Pregnancy testing is standard for women of childbearing age who are considering participation in VTE trials, because many anticoagulant medications can harm a developing fetus. Women who are pregnant or planning to become pregnant are typically excluded from trials testing new blood thinners, though separate studies may exist specifically for pregnant women with VTE.
Some clinical trials require assessment of bleeding risk before enrollment. This might include a detailed medical history asking about any previous episodes of abnormal bleeding, ulcers, recent surgeries, or conditions that could make bleeding more likely. Occasionally, special blood tests that measure how well your blood clots—such as prothrombin time or activated partial thromboplastin time—may be performed to establish a baseline before starting any experimental treatment.
Imaging to assess the extent or severity of the clot is another common requirement. For DVT trials, researchers may want to know exactly where the clot is located and how large it is, which can be determined by careful ultrasound examination. For pulmonary embolism studies, the number and size of clots in the lungs, and whether they are causing strain on the heart, may influence eligibility. Some trials focus specifically on patients with massive or high-risk pulmonary embolism, while others may include only those with less severe disease.
Echocardiography might be required in trials enrolling patients with pulmonary embolism to evaluate whether the right side of the heart is under strain from the clot. Certain trials testing new treatments specifically target patients whose hearts show signs of strain, as these individuals are at higher risk for serious complications and may benefit most from aggressive therapies.

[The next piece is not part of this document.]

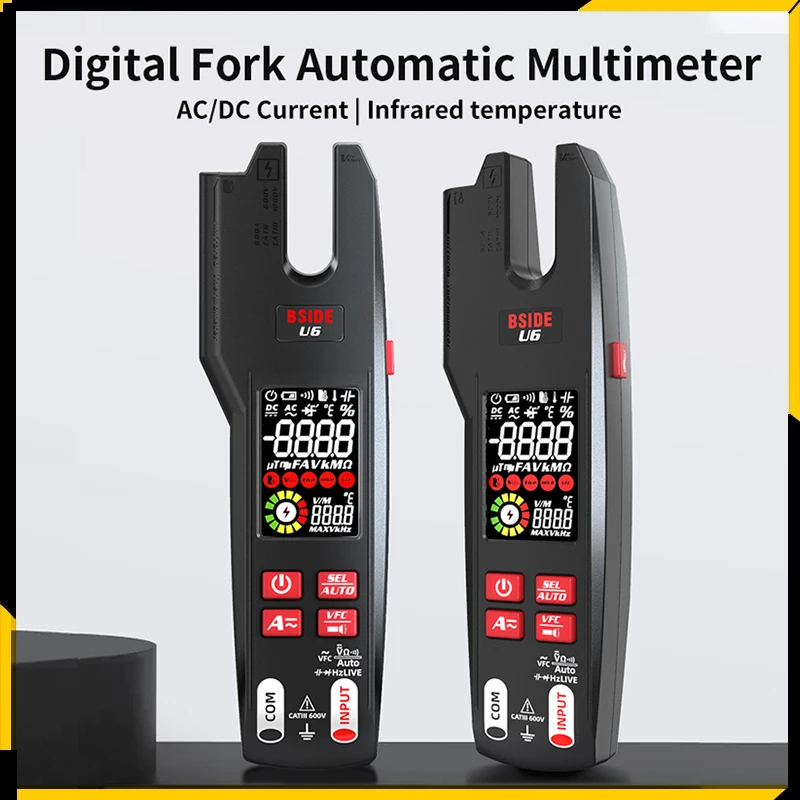 

U6 USB Charge Digital Clamp Meter Fork Professional 600A Ammeter Pliers T-RMS DC AC Current Electrical Tester Auto Multimeter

Clinical trials may also require documentation that standard diagnostic procedures have ruled out other conditions that could mimic VTE. For example, trials might exclude patients whose leg swelling is due to infection, injury, or chronic venous problems rather than an acute blood clot. Similarly, for pulmonary embolism trials, researchers may want to ensure that shortness of breath is not due to pneumonia, heart failure, or lung disease rather than a clot.
Genetic testing is not typically required for entry into most VTE treatment trials, but some research studies specifically focus on people with inherited clotting disorders. In those cases, blood tests to identify mutations in genes that affect clotting—such as Factor V Leiden or prothrombin gene mutations—may be part of the screening process.
The overall goal of these diagnostic requirements is to create a well-defined group of participants with confirmed VTE whose outcomes can be meaningfully compared. Standardized testing ensures that everyone in the trial has the same condition diagnosed using the same methods, which makes the results more reliable and applicable to real-world clinical practice.